March 23, 2018 Atlanta: Employees at Atlanta City Hall were handed instructions as they come through the front doors to not turn on computers or log on to their workstations on Friday March 23, 2018. Friday's action comes as city officials are struggling to determine how much sensitive information may have been compromised in a Thursday cyber attack. The city has also received demands that it pay a ransom of an unspecified amount, officials confirmed. But officials had yet to make a determination if it would pay the ransom. Hartsfield-Jackson International took down the wi-fi at the world's busiest airport after a cyber attack on the city. The Atlanta airport's website said after the cyber attack that security wait times and flight information may not be accurate. JOHN SPINK/JSPINK@AJC.COM

icon to expand image

Before the attack, the city received years of warnings about security weaknesses.

The city’s independent auditor in 2010 warned that the Information Technology Department “currently does not have funding for business continuity and disaster recovery plans.” In 2014, the city still lacked such a plan.

Another audit released in January found that the department of Atlanta Information Management and the Office of Information Security regularly identified vulnerabilities in the city’s network but not the root causes.

“In one case,” the audit said, “monthly vulnerability scan results indicated the presence of 1,500-2,000 severe vulnerabilities in the scanned population, with a history that went back over a year with no evidence of mitigation of the underlying issues.”

According to a 2017 list of employees in the department of Atlanta Information Management, only two of the department’s 154 employees had the word security in their titles.

The city’s information technology leadership appears to have been overwhelmingly focused on making Atlanta a so-called “Smart City” — a designation for cities that emphasize information and communication technology to enhance public services such as utilities and transportation.

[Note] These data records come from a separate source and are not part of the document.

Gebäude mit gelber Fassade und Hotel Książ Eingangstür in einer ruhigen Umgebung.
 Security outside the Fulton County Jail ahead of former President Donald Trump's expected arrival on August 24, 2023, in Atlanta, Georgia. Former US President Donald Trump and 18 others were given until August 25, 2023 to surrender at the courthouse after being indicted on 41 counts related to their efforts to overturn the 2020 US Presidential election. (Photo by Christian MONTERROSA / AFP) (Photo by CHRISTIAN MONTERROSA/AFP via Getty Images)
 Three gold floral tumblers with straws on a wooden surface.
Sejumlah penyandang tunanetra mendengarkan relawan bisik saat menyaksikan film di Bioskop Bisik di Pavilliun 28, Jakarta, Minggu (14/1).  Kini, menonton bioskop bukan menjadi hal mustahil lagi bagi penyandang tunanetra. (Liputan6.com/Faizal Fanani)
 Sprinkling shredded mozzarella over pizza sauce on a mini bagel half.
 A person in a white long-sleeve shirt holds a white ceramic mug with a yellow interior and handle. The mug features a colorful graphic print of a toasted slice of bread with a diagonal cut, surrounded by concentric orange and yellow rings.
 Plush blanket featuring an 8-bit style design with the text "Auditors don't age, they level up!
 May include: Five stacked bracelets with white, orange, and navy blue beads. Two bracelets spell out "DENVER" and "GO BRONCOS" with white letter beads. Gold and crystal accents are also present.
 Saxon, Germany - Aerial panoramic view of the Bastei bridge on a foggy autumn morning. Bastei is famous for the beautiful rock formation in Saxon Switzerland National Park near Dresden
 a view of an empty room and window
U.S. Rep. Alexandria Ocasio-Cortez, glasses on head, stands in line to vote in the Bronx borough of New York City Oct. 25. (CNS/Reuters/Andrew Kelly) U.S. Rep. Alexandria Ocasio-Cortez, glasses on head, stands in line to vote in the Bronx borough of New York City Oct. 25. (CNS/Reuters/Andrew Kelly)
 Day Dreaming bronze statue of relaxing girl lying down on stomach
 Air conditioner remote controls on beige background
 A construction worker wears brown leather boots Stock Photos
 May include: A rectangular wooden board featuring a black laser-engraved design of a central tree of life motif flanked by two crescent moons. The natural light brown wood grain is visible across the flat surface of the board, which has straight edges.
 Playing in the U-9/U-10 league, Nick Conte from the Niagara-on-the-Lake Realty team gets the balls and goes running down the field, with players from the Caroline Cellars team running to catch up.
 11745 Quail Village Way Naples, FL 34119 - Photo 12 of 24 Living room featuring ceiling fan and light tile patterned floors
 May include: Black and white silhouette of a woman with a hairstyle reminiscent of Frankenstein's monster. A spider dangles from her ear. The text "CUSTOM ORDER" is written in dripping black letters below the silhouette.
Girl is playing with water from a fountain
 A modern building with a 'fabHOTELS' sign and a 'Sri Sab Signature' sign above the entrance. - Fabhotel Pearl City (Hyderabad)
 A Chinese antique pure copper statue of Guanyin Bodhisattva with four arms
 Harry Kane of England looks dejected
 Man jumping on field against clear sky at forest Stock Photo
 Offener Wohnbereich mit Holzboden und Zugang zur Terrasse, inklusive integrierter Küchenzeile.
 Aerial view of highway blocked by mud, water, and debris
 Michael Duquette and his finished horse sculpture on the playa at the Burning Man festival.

However, several cyber security trade publications in recent months have highlighted how these cities are especially vulnerable to attacks because of massive interdependent computer systems that constantly communicate with each other and often aren’t tested for weaknesses before being deployed.

In the first few months of 2018, the department of Atlanta Information Management’s Twitter page references “Smart Cities” in nearly every tweet.

Just before the attack, the department on Twitter advertises a locally held smart city technology forum titled “Can’t Out-Smart Atlanta.”

“It’s Smart City panel time!” the department tweets on March 15.

It’s next tweet is a video of Atlanta Mayor Keisha Lance Bottoms’ first press conference regarding the ransomware cyber attack.